# Pad & Quill Case for Kindle 3 Available to Purchase Now



## Lysis_and_Isis (Aug 13, 2010)

This Engadget review calls the Pad and Quill "the toughest of all the gadget cases which imitate Moleskine notebooks."

The case itself is available to purchase here. The description's fanciful enough to incite curiosity:



> Covered in bonded leather[,] this case provides rugged protection[] while creating the feel of holding a traditional book in your hand. Hand[]made in Minneapolis[,] these cases are designed with precision cuts to fit your Kindle perfectly, allowing for easy access to the functions of your device. . . . Using traditional bookbind[ing] techniques[,] we cover the frame with a premium leather cover and beautiful deep red interior paper. Our unique cranberry "bookmark" allows for simple removal of the device, and a classic "moleskin" strap helps keep the case closed for travel or going back on the bookshelf. We even included *unique sound channels within our case to reflect the sounds back to the listener*.
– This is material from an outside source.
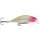 Rapture Pro Riujin PKC S 4gr 4,5cm Wobbler
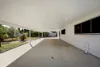 83 Kings Road, Pimlico, Qld 4812-Image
This, by the way, is me after reading that last sentence:


----------



## 911jason (Aug 17, 2009)

They're kind of cool... although I'd like them better if they didn't use a strap around the outside to keep the cover closed. Kind of ruins the effect of an actual book.


----------



## PG4003 (Patricia) (Jan 30, 2010)

Very cool.  But it looks like you can't fold it back for reading.


----------



## odelay (May 9, 2010)

PG4003 (Patricia) said:


> Very cool. But it looks like you can't fold it back for reading.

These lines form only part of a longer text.